En resumidas cuentas: el acceso es una verdadera prueba de malabarismo donde cualquier anciano debería repensar semejante riesgo. Una vez abajo y en tierra firme se debe caminar unos diez minutos a lo largo de un penoso terreno donde las latas, los icopores y los plásticos de las gaseosas no retornables forman un collar de suciedad y desperdicio que desalienta hasta al más optimista. Ni siquiera es descuido de los nativos porque uno los ve hacer lo que humanamente pueden, pero la verdad es que no hay por donde diablos sacar esas basuras sin la posibilidad de resbalarse y partirse la cabeza contra una roca.

Realmente esto es un despropósito monumental que no tiene presentación. Una vergüenza absoluta. Tan solo unas mínimas inversiones en asfalto, unas escaleras dignas, unos parqueaderos seguros y administrados por una firma competente harían una diferencia bárbara donde no solo el estado recogería con creces la inversión, sino que aún más, estas comunidades tendrían sin lugar a duda más opciones de trabajo y la posibilidad de una vida digna que no se base en la piedad, la limosna y el acoso desbordado e incesante al que se somete al turista.

Playa Blanca es un tesoro que ha sido ignorado y despreciado por años. El pueblo cartagenero que ama su ciudad está en la obligación moral de presionar por estas mejoras. Se debe elevar el nivel de conciencia de la ciudad y rescatar del abandono a esta gente y región.

En nuestro país existe la equivocada creencia de que llevar desarrollo a los parques naturales es destruir su belleza. Es una premisa absolutamente falsa. De nada sirven parajes hermosos a los que nadie puede acceder. El primer mundo está lleno de ejemplos donde el desarrollo de estas zonas es lo más relevante para invitar al disfrute a propios y ajenos. Con instalaciones dignas se logran turistas y con turistas se logran fondos que a largo plazo se convierten en rentabilidad real y permanente. Solo de esta forma se puede llevar prosperidad a la región.

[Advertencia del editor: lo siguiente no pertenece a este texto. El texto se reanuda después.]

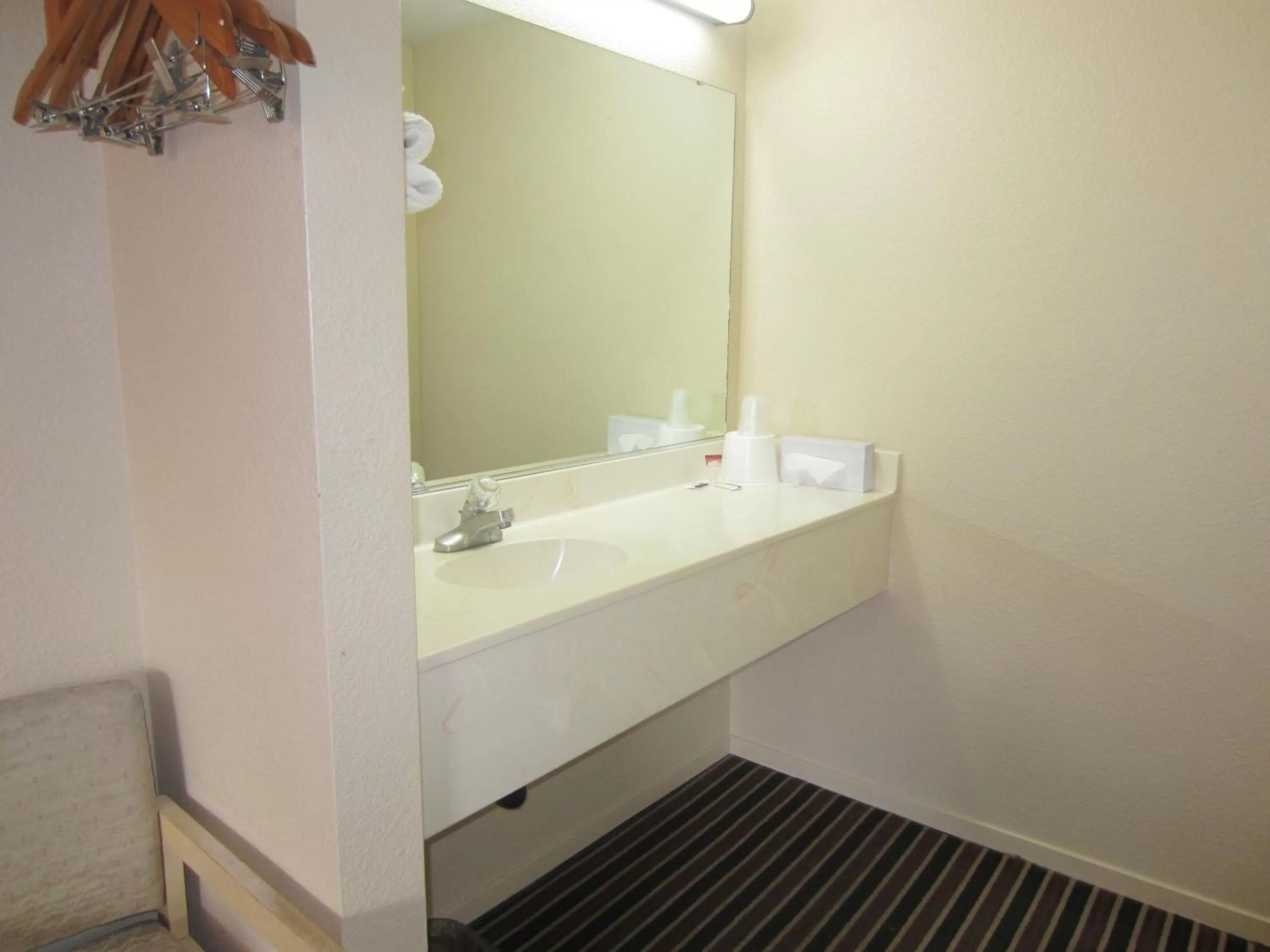 Bathroom in Beachview Inn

Este es un caso en que no se trata de grandes fondos para invertir, pero si se trata de falta de administración, si se trata de desidia y pereza regional y estatal, pero sobre todo, se trata de ajustar el enfoque y unificar voluntades en pro del bienestar de comunidades muy desfavorecidas.

Desde la construcción del puente y la carretera el flujo terrestre ha crecido de manera exponencial. Dicha playa está desbordando su capacidad los fines de semana. Todo esto trae profunda desorganización y caos en la playa y sus zonas aledañas.

La proliferación de vendedores ilegales y ajenos a la región ya es manifiesta. Debemos tener presente que un turista insatisfecho o molesto no da segundas oportunidades, simplemente cambia de destino.

De no tomarse con urgencia fuertes medidas de choque y control de visitantes y vendedores, este paraíso estará en la senda parroquial de convertirse como muchos otros sitios de Colombia, en un bebedero y bailadero popular donde las ollas del sancocho, la morcilla y la fritanga vienen preparados desde casa, condenando para siempre a los nativos de su única oportunidad de prosperar.

Un verdadero desastre social que todavía es evitable.